Stored entries
——

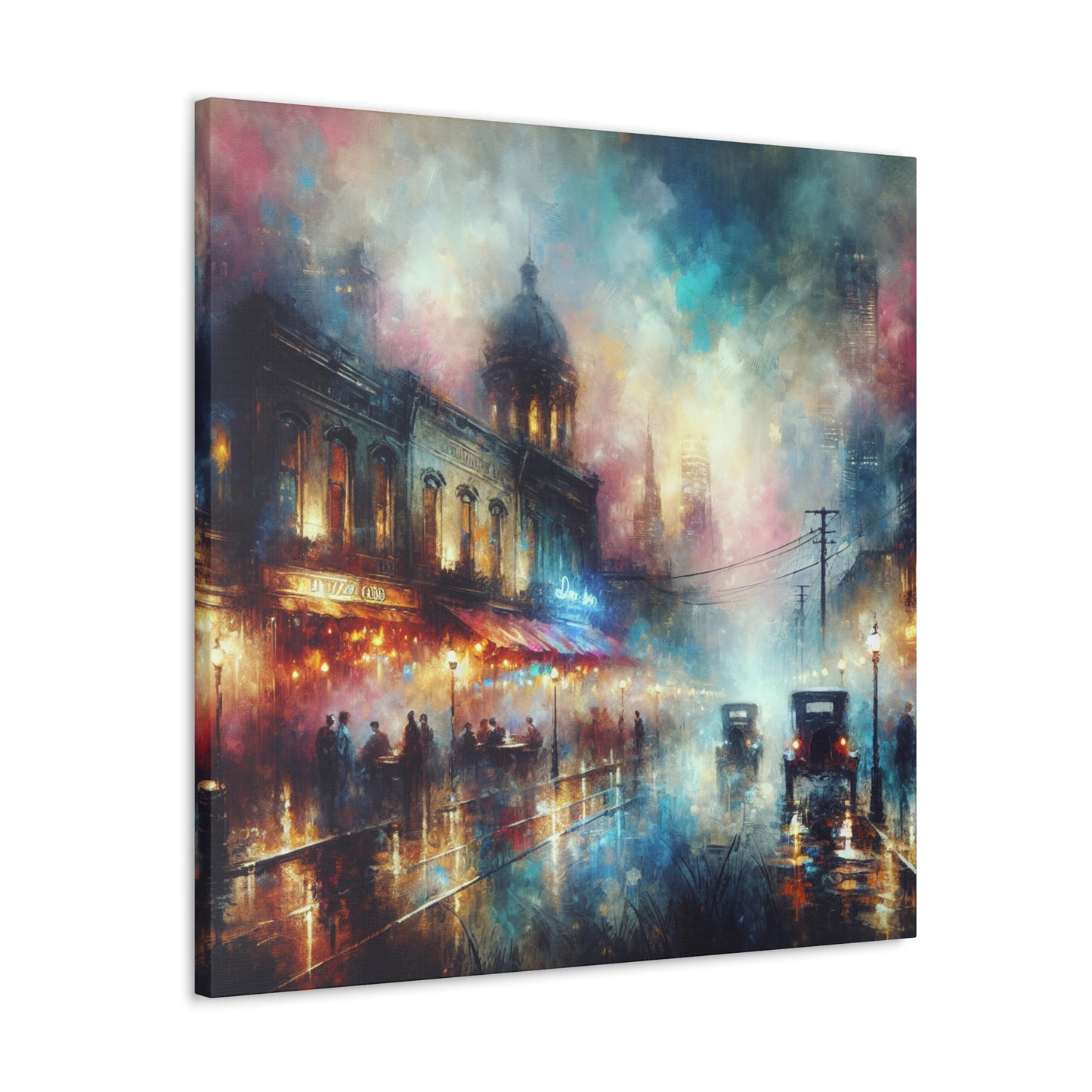 Rhythmic Nights Unveiled - Canvas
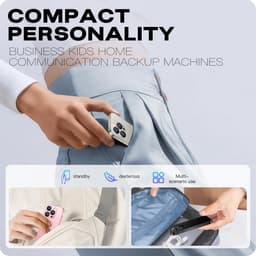 Compacte 3G Smartphone met Android 9.0 - 3.0 Inch Scherm, 2GB/16GB, Gezichtsherkenning - Zwart — thumbnail 3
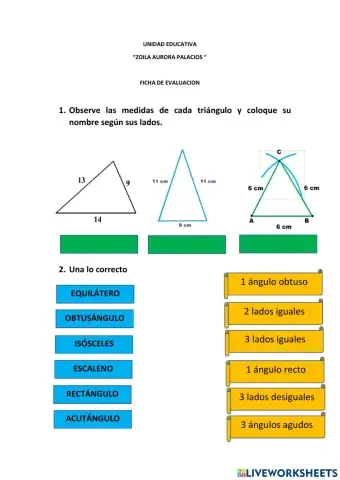 Clasificacion de triangulos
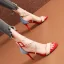 Sexy Noire Cocktail Sandales Femme 2021 X-Strap 9 cm Talons Aiguilles Peep Toes / Bout Ouvert Sandales Talons Hauts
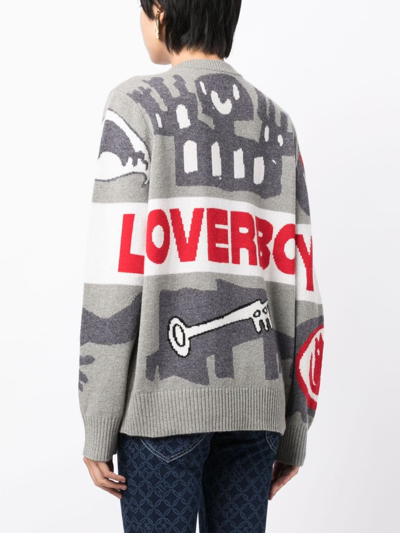 Shop Charles Jeffrey Loverboy Intarsia-knit Jumper In Grau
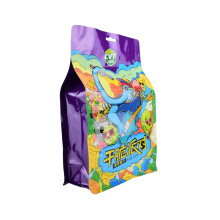 Transparent Nylon PE Laminated Top Sealed Packaging Plastic Bag with Notch Biscuits Snack Nuts Candy Pet Food Packaging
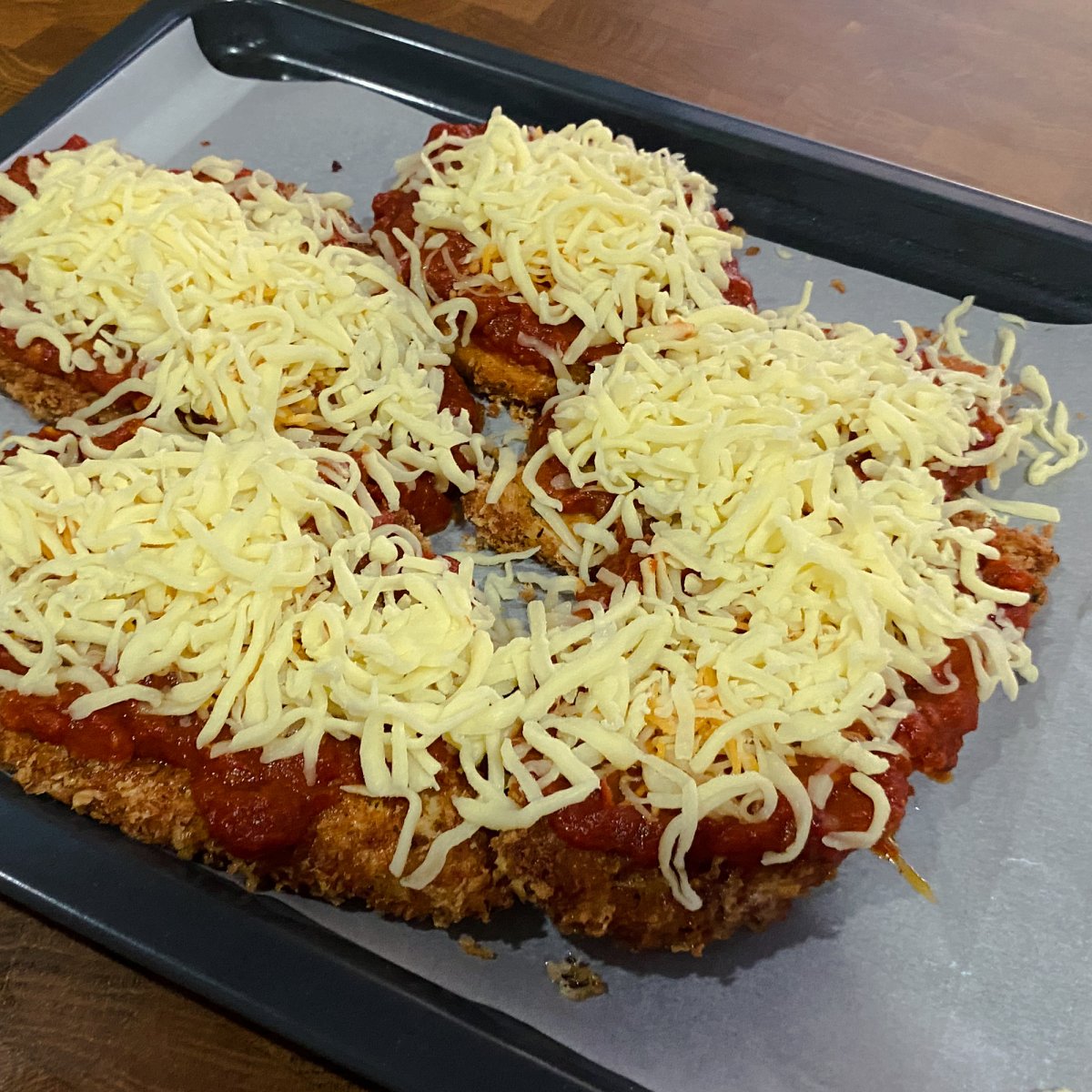 Chicken Parmigiana - Parmy - Cooking with Rich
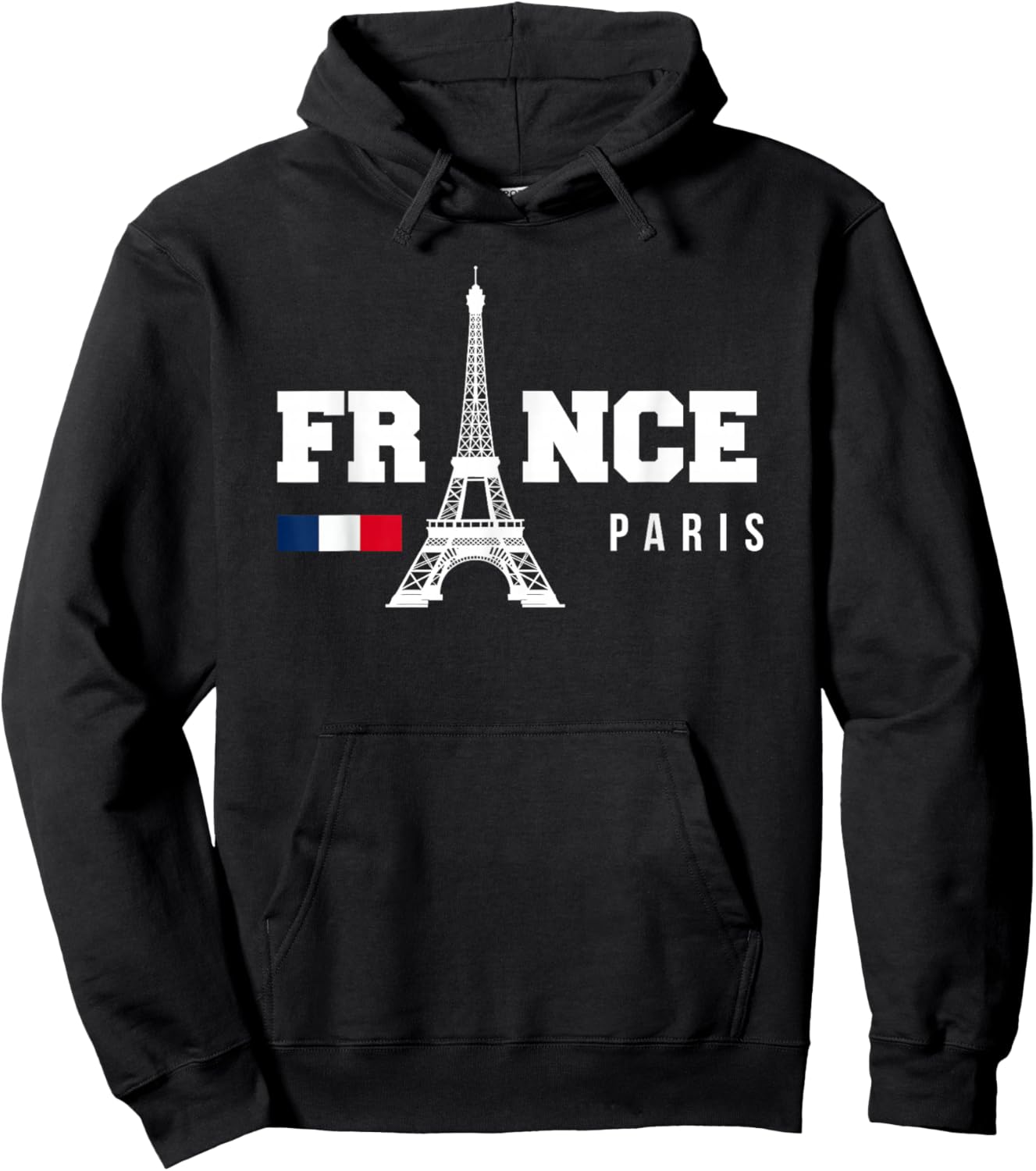 France Gift French Eiffel Tower Paris Monaco French , Black, S Hoodie - Hoodie | Black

——

Set the pictures aside and reproduce the data above exactly.

 Rhythmic Nights Unveiled - Canvas
 Compacte 3G Smartphone met Android 9.0 - 3.0 Inch Scherm, 2GB/16GB, Gezichtsherkenning - Zwart — thumbnail 3
 Clasificacion de triangulos
 Sexy Noire Cocktail Sandales Femme 2021 X-Strap 9 cm Talons Aiguilles Peep Toes / Bout Ouvert Sandales Talons Hauts
 Shop Charles Jeffrey Loverboy Intarsia-knit Jumper In Grau
 Transparent Nylon PE Laminated Top Sealed Packaging Plastic Bag with Notch Biscuits Snack Nuts Candy Pet Food Packaging
 Chicken Parmigiana - Parmy - Cooking with Rich
 France Gift French Eiffel Tower Paris Monaco French , Black, S Hoodie - Hoodie | Black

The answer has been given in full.